Generalmente, l'utente medio investe tramite i c.d. exchanger (piattaforme di scambio): si trasferiscono i fondi in valuta fiat (con bonifico o addebito su carta di credito) ai gestori degli exchanger per acquistare criptovalute; a quel punto, si possono lasciare le relative chiavi pubbliche sul wallet online messo a disposizione dall'exchanger (il wallet non è dell'utente che assume quindi il rischio di perdere tutto l'investimento) oppure trasferire le stesse chiavi su un wallet personale per incrementare il livello di sicurezza (per i patrimoni più ingenti esistono anche sistemi più complessi come i "multi-firma" in cui diversi wallet contengono le medesime chiavi).

L'operazione inversa avviene ogniqualvolta l'investitore intenda cedere a terzi tramite exchanger tutte o parte delle proprie criptovalute (tali flussi sono monitorati nelle c.d. analisi on-chain per analizzare i trend di mercato e le variazioni del valore delle valute virtuali). Ebbene, considerato che un soggetto può compiere tali operazioni innumerevoli volte, andrebbe innanzitutto precisato qual è il "prelievo" rilevante ai fini fiscali (ad esempio per la determinazione di plusvalenze/minusvalenze e l'individuazione del periodo d'imposta interessato).

Una seconda perplessità riguarda la scelta di considerare fiscalmente rilevanti gli scambi tra criptovalute ("crypto-to-crypto"). Si tratta probabilmente dell'aspetto più problematico già emerso nel 2018 (nella risposta 956-39) che esaspera ai fini fiscali le differenze tra valute fiat e virtuali.
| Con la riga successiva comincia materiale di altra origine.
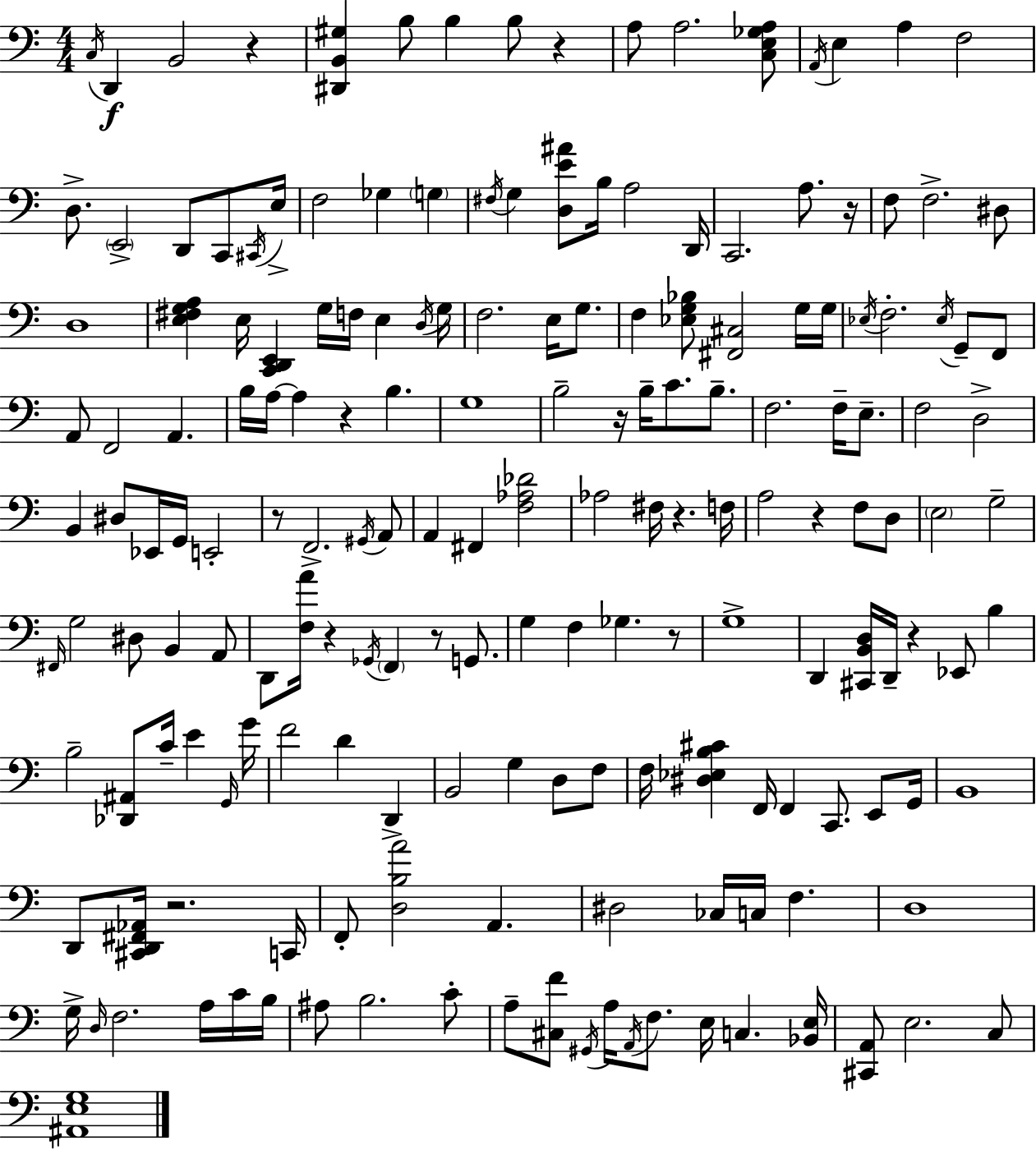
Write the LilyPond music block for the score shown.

{
  \clef bass
  \numericTimeSignature
  \time 4/4
  \key c \major
  \acciaccatura { c16 }\f d,4 b,2 r4 | <dis, b, gis>4 b8 b4 b8 r4 | a8 a2. <c e ges a>8 | \acciaccatura { a,16 } e4 a4 f2 | \break d8.-> \parenthesize e,2-> d,8 c,8 | \acciaccatura { cis,16 } e16-> f2 ges4 \parenthesize g4 | \acciaccatura { fis16 } g4 <d e' ais'>8 b16 a2 | d,16 c,2. | \break a8. r16 f8 f2.-> | dis8 d1 | <e fis g a>4 e16 <c, d, e,>4 g16 f16 e4 | \acciaccatura { d16 } g16 f2. | \break e16 g8. f4 <ees g bes>8 <fis, cis>2 | g16 g16 \acciaccatura { ees16 } f2.-. | \acciaccatura { ees16 } g,8-- f,8 a,8 f,2 | a,4. b16 a16~~ a4 r4 | \break b4. g1 | b2-- r16 | b16-- c'8. b8.-- f2. | f16-- e8.-- f2 d2-> | \break b,4 dis8 ees,16 g,16 e,2-. | r8 f,2.-> | \acciaccatura { gis,16 } a,8 a,4 fis,4 | <f aes des'>2 aes2 | \break fis16 r4. f16 a2 | r4 f8 d8 \parenthesize e2 | g2-- \grace { fis,16 } g2 | dis8 b,4 a,8 d,8 <f a'>16 r4 | \break \acciaccatura { ges,16 } \parenthesize f,4 r8 g,8. g4 f4 | ges4. r8 g1-> | d,4 <cis, b, d>16 d,16-- | r4 ees,8 b4 b2-- | \break <des, ais,>8 c'16-- e'4 \grace { g,16 } g'16 f'2 | d'4 d,4-> b,2 | g4 d8 f8 f16 <dis ees b cis'>4 | f,16 f,4 c,8. e,8 g,16 b,1 | \break d,8 <cis, d, fis, aes,>16 r2. | c,16 f,8-. <d b a'>2 | a,4. dis2 | ces16 c16 f4. d1 | \break g16-> \grace { d16 } f2. | a16 c'16 b16 ais8 b2. | c'8-. a8-- <cis f'>8 | \acciaccatura { gis,16 } a16 \acciaccatura { a,16 } f8. e16 c4. <bes, e>16 <cis, a,>8 | \break e2. c8 <ais, e g>1 | \bar "|."
}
Per le ragioni anzidette, tassare gli scambi crypto-to-crypto assomiglia molto ad una imposizione di redditi solo maturati e non effettivamente incassati dal contribuente, non esistendo alcun riferimento normativo in tal senso (e in piena contraddizione con il principio di tassazione per cassa proprio del regime applicabile alle plusvalenze derivanti da cessione di valute estere). Come ovvia conseguenza, il contribuente potrebbe trovarsi nella situazione paradossale di veder tassati proventi mai incassati e nel contempo non avere i fondi per assolvere le imposte dovute; qualora intendesse reperire i fondi convertendo criptovalute in valuta fiat, il controvalore in euro sarebbe generalmente trasferito dalla banca di appoggio utilizzata dal gestore dell'exchanger al conto corrente dell'investitore; tale operazione ("cash out") è soggetta all'esito positivo (per nulla scontato) delle procedure antiriciclaggio, spesso non celeri.
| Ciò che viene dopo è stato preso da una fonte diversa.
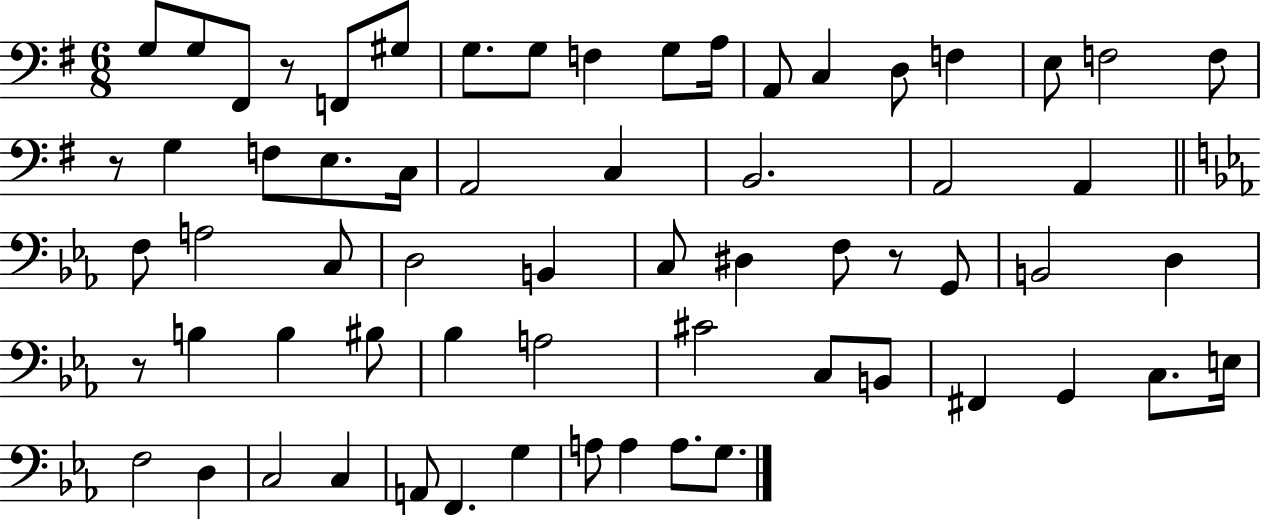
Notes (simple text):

G3/e G3/e F#2/e R/e F2/e G#3/e G3/e. G3/e F3/q G3/e A3/s A2/e C3/q D3/e F3/q E3/e F3/h F3/e R/e G3/q F3/e E3/e. C3/s A2/h C3/q B2/h. A2/h A2/q F3/e A3/h C3/e D3/h B2/q C3/e D#3/q F3/e R/e G2/e B2/h D3/q R/e B3/q B3/q BIS3/e Bb3/q A3/h C#4/h C3/e B2/e F#2/q G2/q C3/e. E3/s F3/h D3/q C3/h C3/q A2/e F2/q. G3/q A3/e A3/q A3/e. G3/e.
Infine, anche l'applicazione del metodo del LIFO ex articolo 67, co. 1-bis del Tuir per la determinazione delle plusvalenze su valute estere potrebbe generare difficoltà applicative e una generale situazione di incertezza in caso di controlli da parte dell'Amministrazione finanziaria: come illustrato nel paragrafo "combining and splitting value" del "White Paper" relativo all'ideazione dei bitcoin, una singola transazione in criptovalute può essere composta da "più input che raggruppano quantità più piccole" di valute virtuali con la conseguenza che i rendiconti annuali rilasciati dagli exchanger possono comprendere centinaia (se non migliaia) di transazioni rappresentative del numero decisamente inferiore di scambi effettivamente disposti dal medesimo investitore.

Complessivamente, ad avviso di chi scrive l'interpretazione proposta nella risposta 788 presenta ancora i tratti di una soluzione provvisoria (a discapito della certezza del diritto). E' essenziale e auspicabile uno specifico intervento normativo in ambito tributario, come il condivisibile disegno di legge A.C. n. 3131 del 24 maggio 2021 per il quale non è attribuita alcuna rilevanza impositiva al concetto di "prelievo" (dai wallet) ed è prevista la rilevanza fiscale delle sole operazioni che comportano il pagamento o la conversione in valuta fiat.